Distributed Tracing: Implementing Context Propagation at Scale
How we tracked transaction paths across asynchronous barriers, queue boundaries, and thread pools
#The Blind Spot: Asynchronous Context Loss
In distributed microservices, a single user transaction spans multiple services connected by HTTP, Kafka queues, and asynchronous execution pools. If a request loses its trace identifier (TraceID) along the way, troubleshooting a failure becomes nearly impossible. ThreadLocal-based diagnostic tools work well in synchronous code, but they fail immediately when execution shifts to a custom thread pool or a message queue.

// Distributed Tracing Context: TraceID propagation path spanning HTTP gateways, cross-thread boundaries, and Kafka message systems.
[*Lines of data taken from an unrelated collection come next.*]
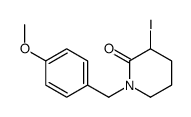 3-IODO-1-(4-METHOXYBENZYL)PIPERIDIN-2-ONE结构式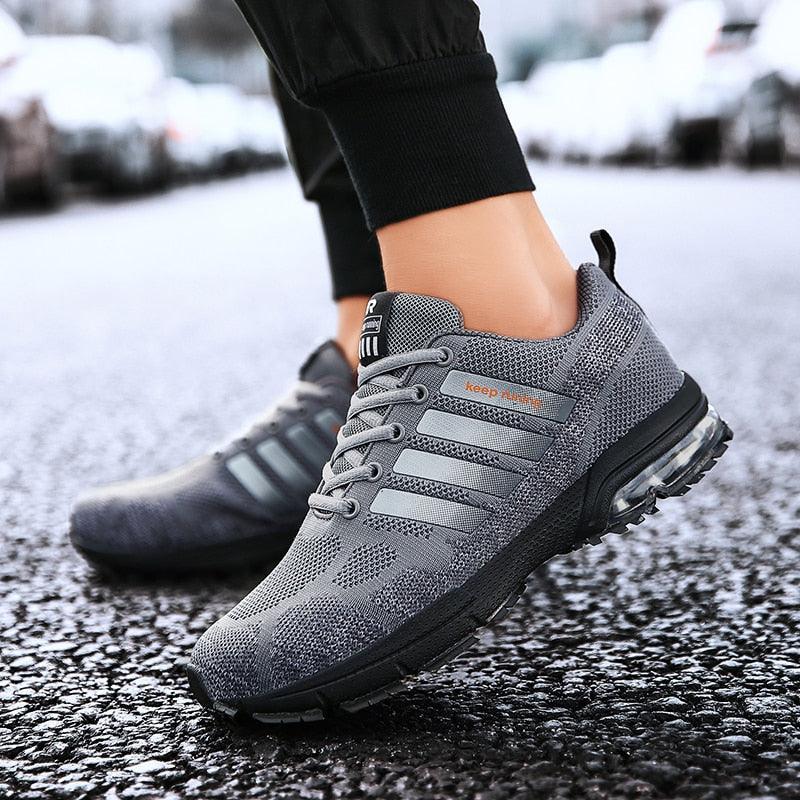 Men's Air Cushion Breathable Running Sneakers Athletic Shoes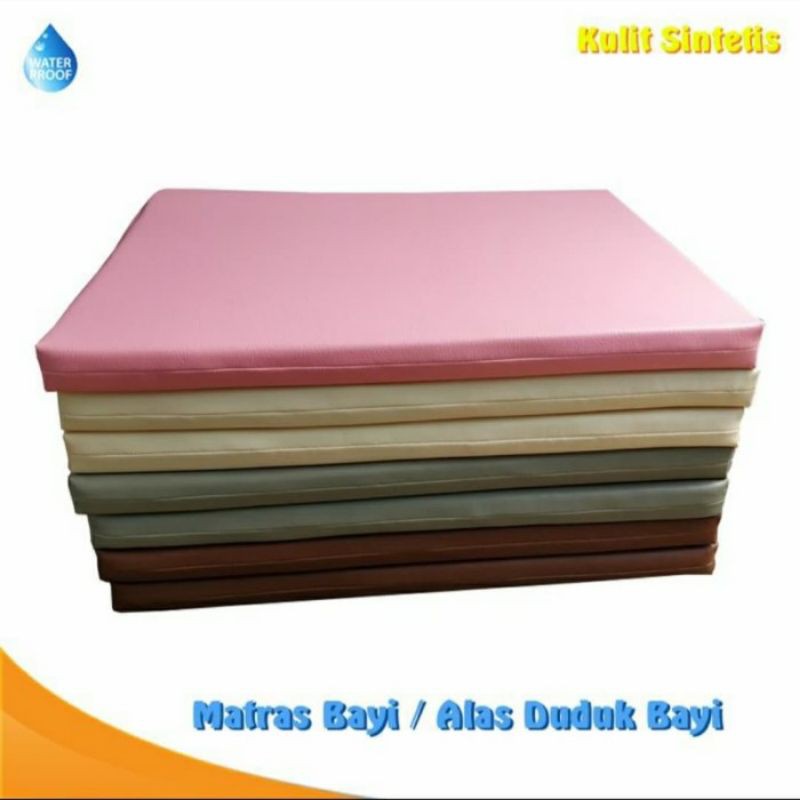 Matras bayi/alas duduk bayi/anti air-kulit sintetis original termurah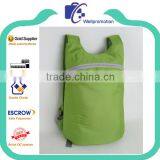 Soft Polyester Fold Waterproof Backpack thumbnail-3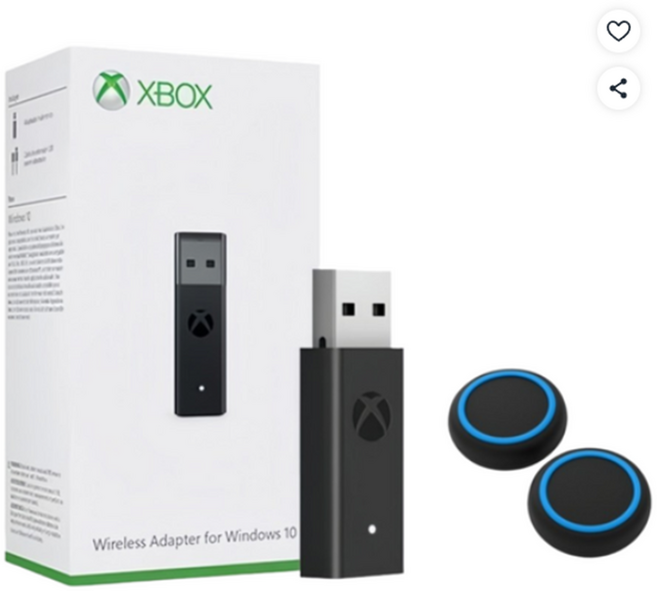 엑스박스 컨트롤러 무선 동글 윈도우10/11 호환, 1개, 조이스틱 실리콘, 원박스+연장선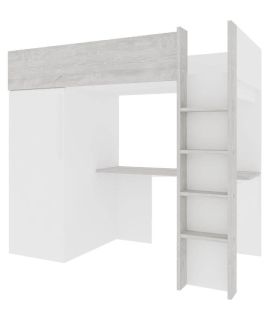 Cama Block Bono Cascina y Blanco 90x200cm |SAYEZ|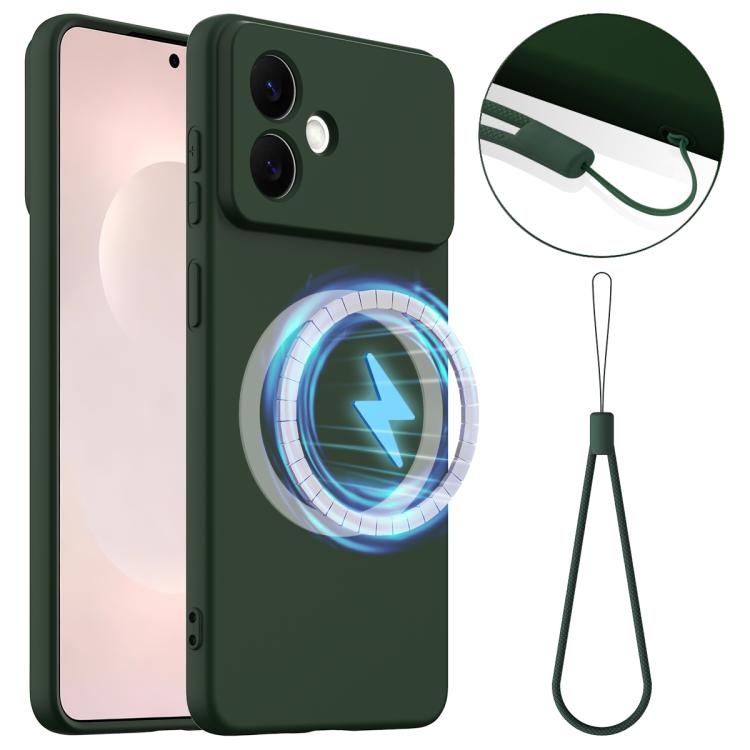 Shockproof Silicone Magsafe Phone Case, For Galaxy S26 FE 5G, For Samsung Galaxy S26+ 5G, For Samsung Galaxy S26 Edge 5G, For Samsung Galaxy S26 Ultra 5G, For Samsung Galaxy S26 5G, For Samsung Galaxy S25 FE 5G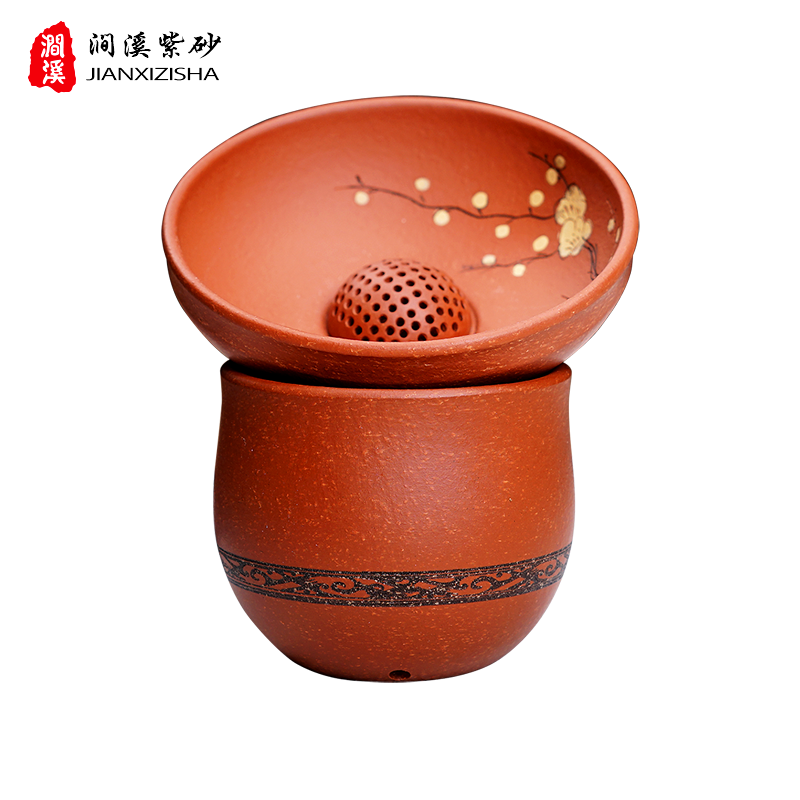 涧溪宜兴原矿紫砂茶道配件二件套球孔紫砂壶茶漏过滤茶器茶具配件|ruв категории посуда, чайный сервиз, Садо/ноль - от Buy2taobao.com для оказания профессиональной услуги покупки агента Taobao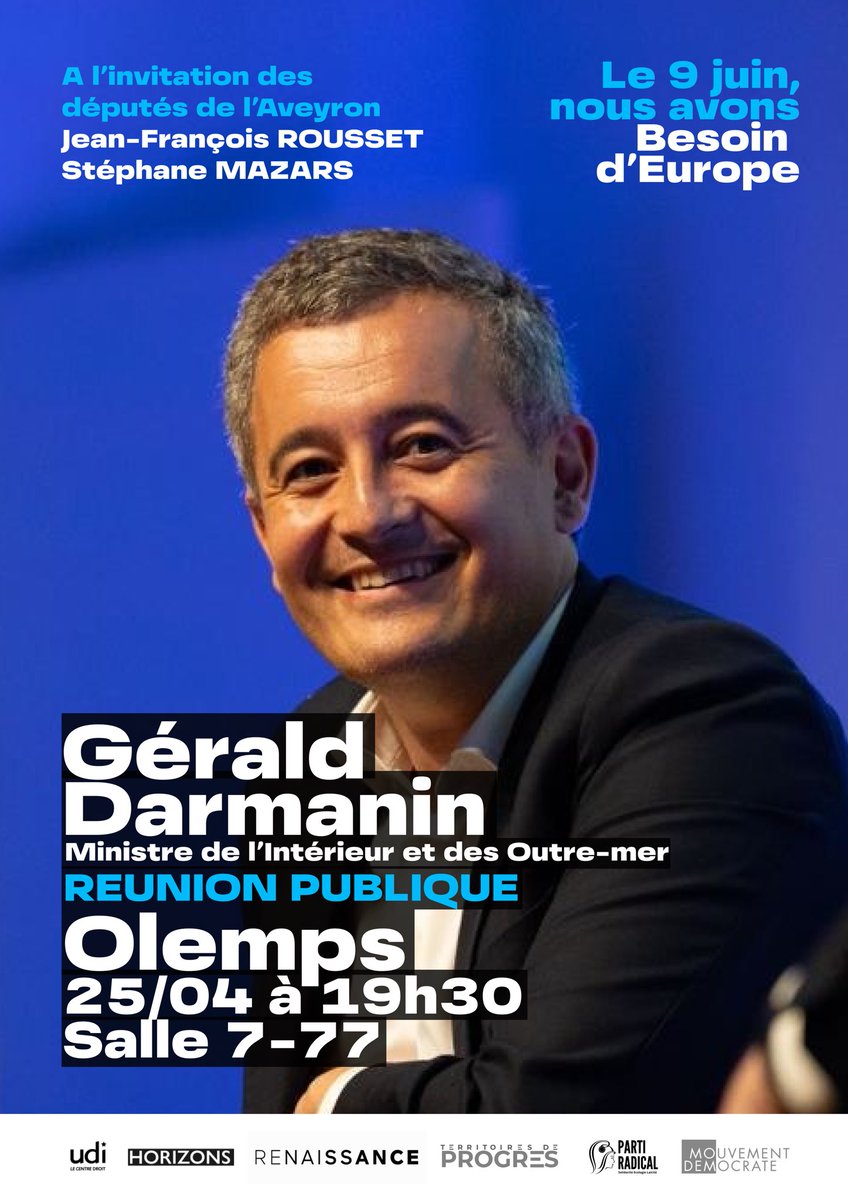 Le déplacement de Gerald Darmanin ce soir à Olemps a suscité le communiqué ci-dessous : la Macronie n'a pas à utiliser les moyens de l'état à des fins électorales !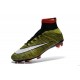 Nuove Scarpe calcio Nike Mercurial Superfly FG - Volt Bianco Nero Multicolore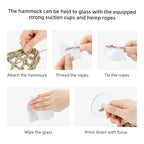 Reptile Hammock Corner Triangle 2 PCS,Natural Seagrass Fiber,Bearded Dragon Tank Accessories Habitat Decor for Lizard,Iguanas,Chameleon and Hermit Crabs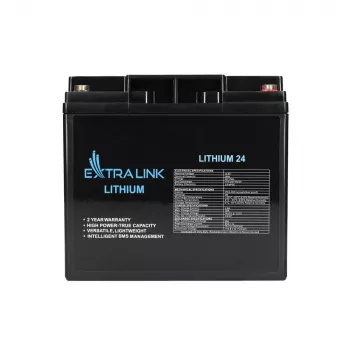 Extralink įkraunama baterija LiFePO4 24000 mAh 12,8 V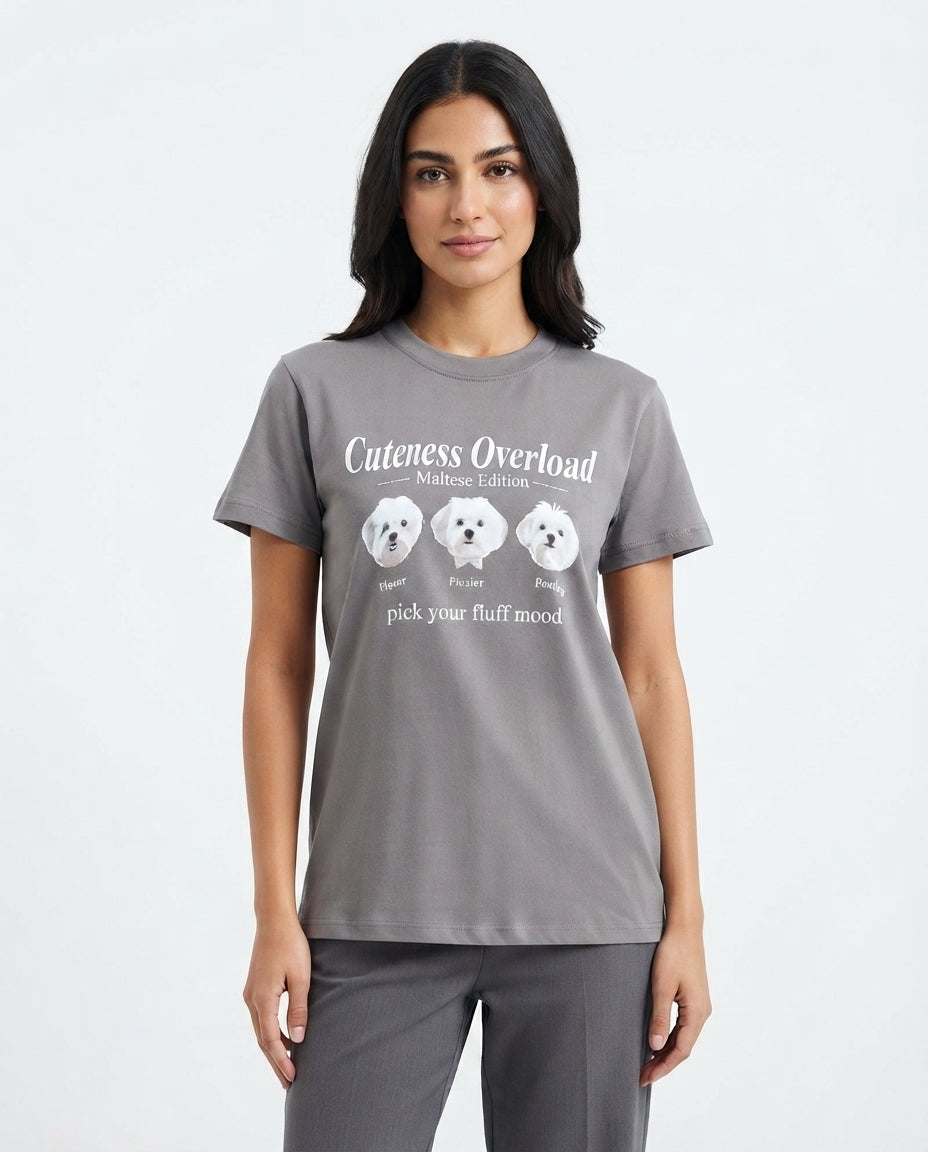 Women Printed Half Sleeves T-shirt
#Context Propagation across Thread Barriers
To bridge tracing context across Java thread pools, we wrapped all system executors in custom trace decorators. These decorators capture the OpenTelemetry context from the parent thread and inject it into the child worker thread before the task executes.
// Custom executor wrapper ensuring trace context propagation
public class ContextPropagatingExecutor implements Executor {
private final Executor delegate;
public ContextPropagatingExecutor(Executor delegate) {
this.delegate = delegate;
}
@Override
public void execute(Runnable command) {
// Capture context of current thread
Context parentContext = Context.current();
delegate.execute(() -> {
// Attach captured context to the execution thread
try (Scope scope = parentContext.makeCurrent()) {
command.run();
}
});
}
}#Kafka Header Context Injection
When publishing messages to Kafka, we inject OpenTelemetry trace headers (`traceparent` and `tracestate`) into the record's metadata headers. On the consumer side, an interceptor extracts the headers and restores the active span context, maintaining a single continuous trace span across the message queue boundary.
#Taming Telemetry Volume: Tail-Based Sampling
Generating tracing spans for 100% of successful HTTP transactions generates petabytes of telemetry data, leading to astronomical costs. We configured an OpenTelemetry Collector gateway to perform **tail-based sampling**. The collector buffers trace spans in-memory; it drops 99% of successful transactions but preserves 100% of traces containing HTTP status errors, slow query exceptions, or explicit failure spans.